EXERCISE AIM: Exact copy, no pictures: repeat the data that follows.

THE DATA:
========================================

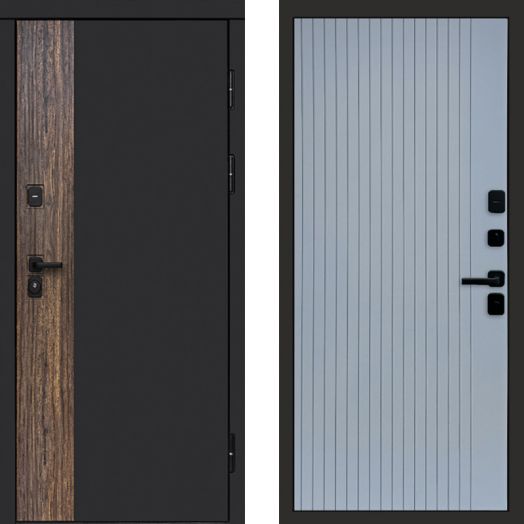 Входная дверь Termo-door ТОР - FLAT Грей софт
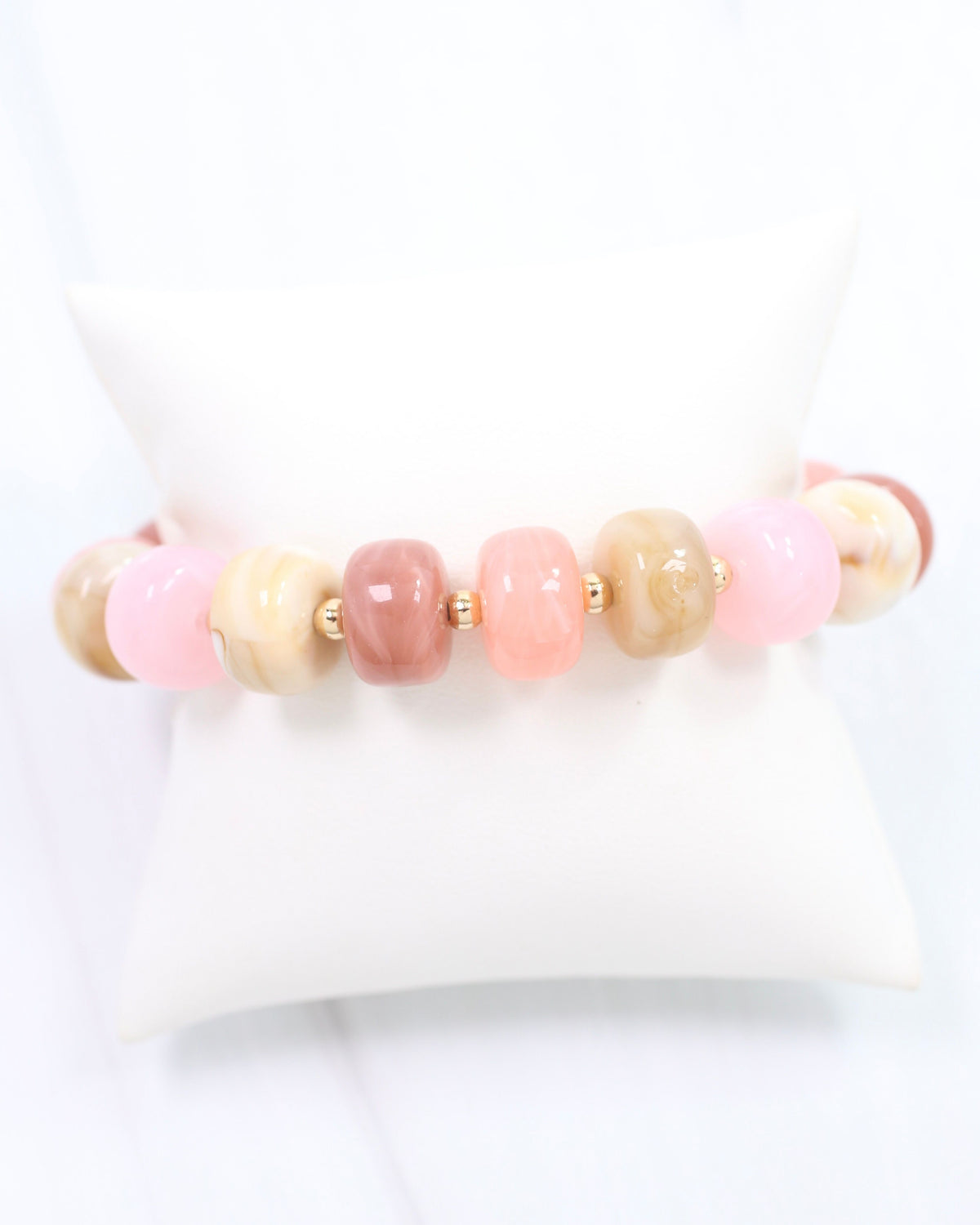 Tanner Beaded Bracelet Pink Multi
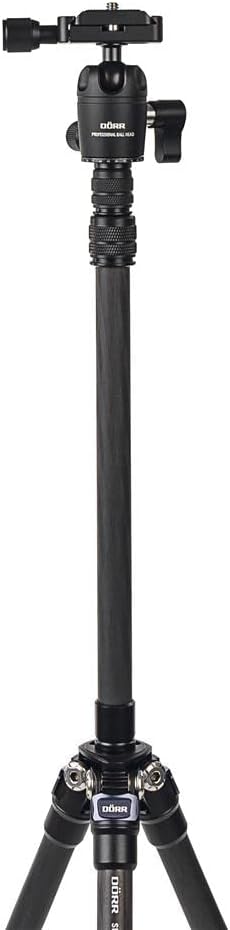 Dorr 380182 Slim Hopper Stativ mit Kugelkopf, 3-teilig, Schwarz'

========================================

WRITTEN RESPONSE:
 Входная дверь Termo-door ТОР - FLAT Грей софт
 Tanner Beaded Bracelet Pink Multi
 Dorr 380182 Slim Hopper Stativ mit Kugelkopf, 3-teilig, Schwarz'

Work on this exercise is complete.